Ergui a cabeça. Ouvi o passo de Zorba
saindo da galeria. Pouco depois eu o vi aproximar-se, a face
alongada, fechada, seus grandes braços se balançando, como
descolados.
— Boa noite, patrão! — disse ele,
mal abrindo a boca.
— Salve, amigo. Como foi o trabalho
hoje?
Não respondeu.
— Vou acender o fogo — disse ele —
e fazer o jantar.
Tomou um monte de lenha no canto, saiu,
dispôs artisticamente os pedaços de madeira entre as duas pedras e
acendeu. Apanhou a caçarola de barro, encheu com água e jogou
dentro tomates, cebolas, arroz e começou a cozinhar. Enquanto isso,
eu punha um guardanapo sobre a mesa redonda e baixa, cortava fatias
de pão e enchia de vinho a cabaça ornada de desenhos, que tio
Anagnosti nos tinha dado logo que chegamos.
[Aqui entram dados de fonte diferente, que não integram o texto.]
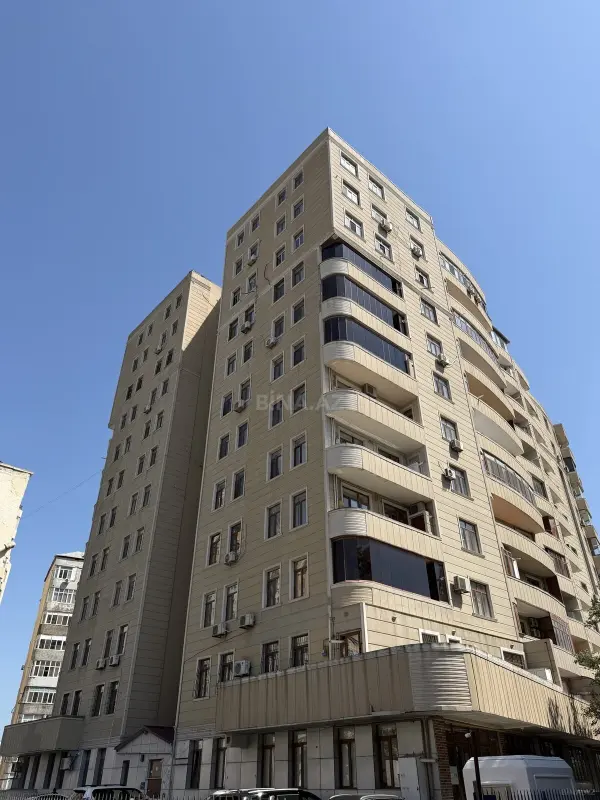 Satılır 3 otaqlı mənzil 119 m²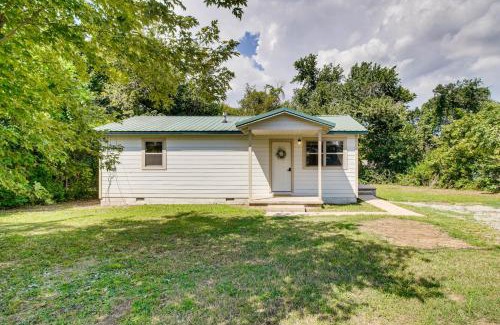 Sallisaw House | Less Than 1 Mi to Cherokee Casino Sallisaw! Home Near I-40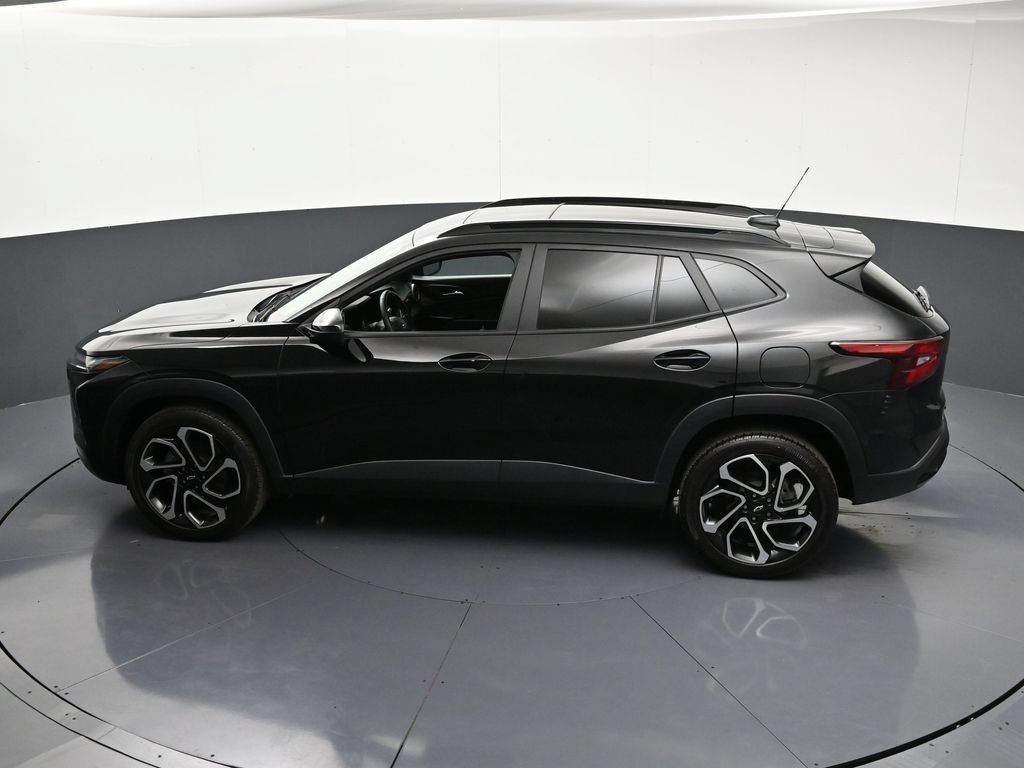 Used 2024 Chevrolet Trax RS w/ Sunroof Package FWD image 17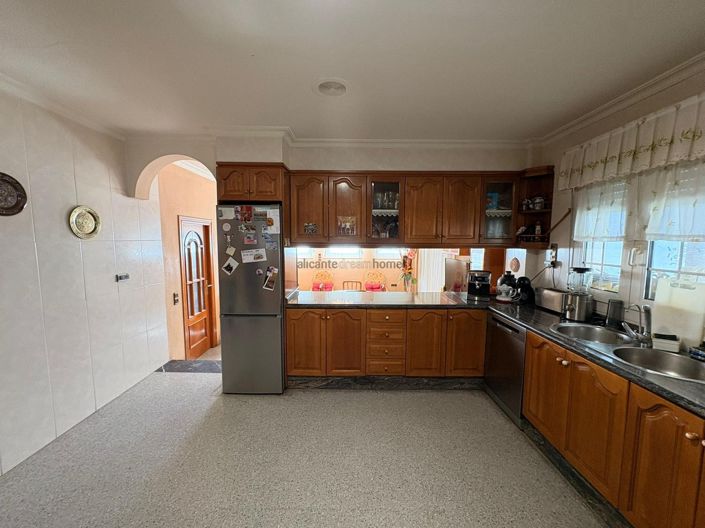 Image No.12-Villa de 6 chambres à vendre à Sax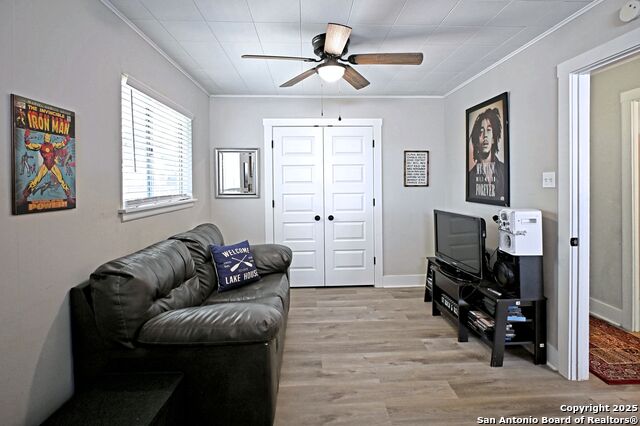 Listing photo id 25 for 553 Scenic  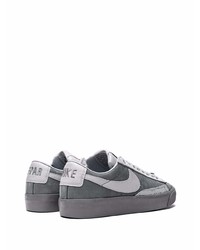 dunkelgraue Wildleder niedrige Sneakers von Nike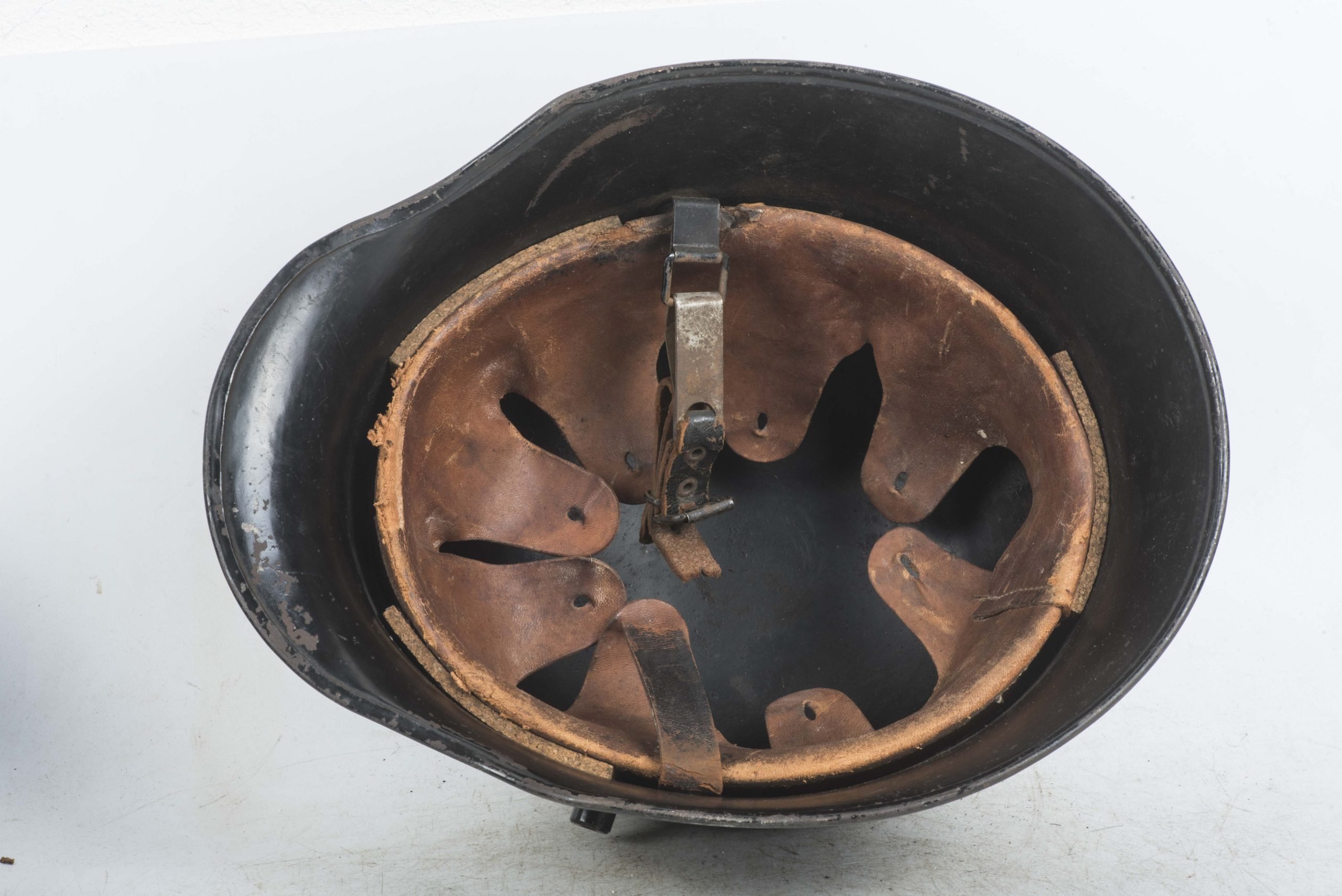 Rare M18 Luftschutz helmet — image 7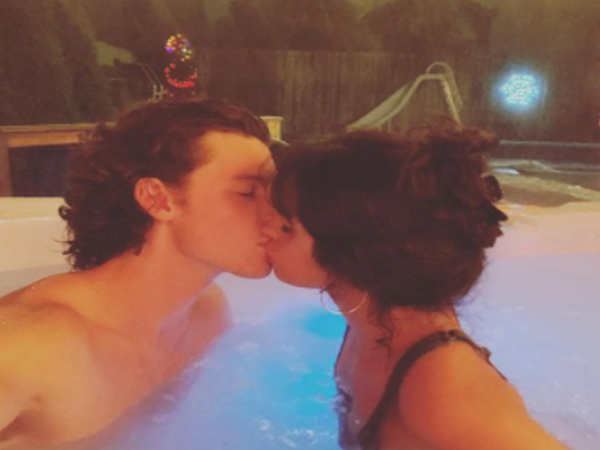 Celebrity couple Camila Cabello and Shawn Mendes (Image Source: Instagram)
Zorba se havia posto de joelhos diante da
caçarola, olhava o fogo com os olhos dilatados, e ficava em
silêncio.
— Você tem filhos, Zorba? —
perguntei bruscamente. —
Por que pergunta? Tenho uma filha.
— Casada?
Zorba começou a rir.
— Do que está rindo, Zorba?
— Isso não se pergunta — disse ele.
— claro que casada. Ela não é idiota. Eu trabalhava numa mina de
cobre, em Pravitsa, na Calcídia. Um dia, recebo uma carta de meu
irmão Yanni. É verdade, havia me esquecido de dizer-lhe que tenho
um irmão, um homem de peso, sensato, caloteiro, usuário, hipócrita,
um homem como se deve ser, pilastra da sociedade. Ele é quitandeiro
em Salônica. “Alexis, meu irmão, escrevia-me ele, tua filha
Frosso tomou o mau caminho, ela desonrou o nosso nome. Ela tem um
amante e teve um filho com ele, lá se foi a nossa reputação. Vou
até a aldeia para degolá-la.”
— E o que fez você, Zorba?
Zorba balançou os ombros:
— “Ora! Mulheres!” disse eu ao
acabar de ler, e rasquei a carta.
Mexeu o arroz, pôs sal e riu.
— Mas espere que você ainda não viu o
melhor. Dois meses depois recebo eu do cretino do meu irmão uma
segunda carta. “Saúde, alegria, meu querido irmão Alexis!”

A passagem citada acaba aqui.